Colleague Adam Schefter is reporting the Detroit Lions are extremely interested in San Diego offensive coordinator Ken Whisenhunt, going as far to say that the job is Whisenhunt’s to lose.

This is logical on a lot of levels.

Whisenhunt hits every criteria the Lions have been looking for in a head coach. He has prior experience, leading the Arizona Cardinals for six seasons, including two playoff appearances and a Super Bowl appearance, losing to Pittsburgh in Super Bowl XLIII.

He is an offensive mind and experienced in molding quarterbacks, having worked with Kurt Warner in Arizona, helped develop Ben Roethlisberger in Pittsburgh and ran an offense that saw Philip Rivers have career bests in completion percentage (69.5 percent) and passer rating (105.5).

This season in San Diego, Rivers also threw more touchdown passes (32) than any time since 2008 and fewer interceptions (11) than any time since 2009.

All of these things are paramount for Detroit, which is looking for a mentor who can both push and fix franchise quarterback Matthew Stafford, who the team invested in last offseason with a three-year, $53 million extension with $41.5 million guaranteed.

Stafford is the quarterback of the foreseeable future in Detroit, and he responded this season with his worst completion percentage (58.5 percent) and most interceptions (19) since his rookie season in 2009.

Bringing in a quarterback-minded coach with that experience is a priority for Detroit general manager Martin Mayhew and team president Tom Lewand.

Add to this the familiarity Mayhew has with Whisenhunt as teammates in Washington in 1989 and 1990. That should lead to more comfort between the coaching staff and the front office, a give-and-take and understanding most successful franchises have.

So Whisenhunt is certainly the main coach to watch both Sunday and this coming week.

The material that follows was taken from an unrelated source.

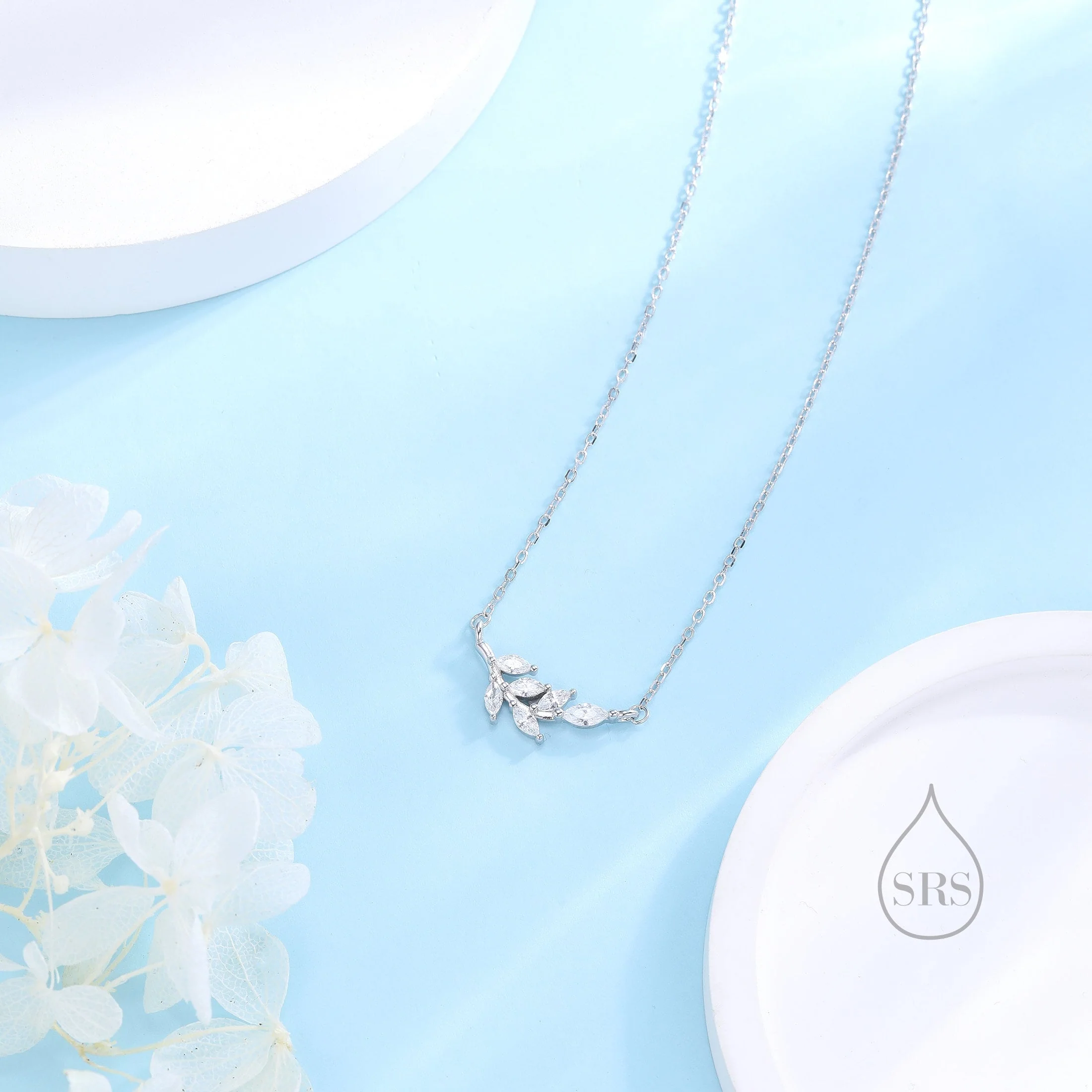Clear CZ Leaf Pendant Necklace in Sterling Silver, Silver or Gold, Olive Leaf Necklace, Olive Branch Necklace, Nature Inspired - Image 3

Perhaps the biggest concern with Whisenhunt would be what he did when he didn’t work with an elite quarterback in Arizona. After Warner retired following the 2009 season, Arizona dropped to 5-11 with a combination of Derek Anderson, John Skelton and Richard Bartel in 2010, improved to 8-8 with Kevin Kolb, Skelton and Bartel in 2011 and another 5-11 mark in 2012 with Skelton, Brian Hoyer and rookie Ryan Lindley.

The Cardinals' offense was last in the league in 2012, 19th in 2011 and second to last in 2010 with that crew of quarterbacks.

Another interesting nugget in Schefter’s story is that the Lions will also be looking at Cincinnati offensive coordinator Jay Gruden, who has helped develop Bengals quarterback Andy Dalton and has some head coaching experience with the Orlando Predators of the Arena Football League and the Florida Tuskers of the United Football League.

While that isn’t major NFL or college experience, it does show leadership on some level -- and Gruden did win two Arena Football League titles with Orlando.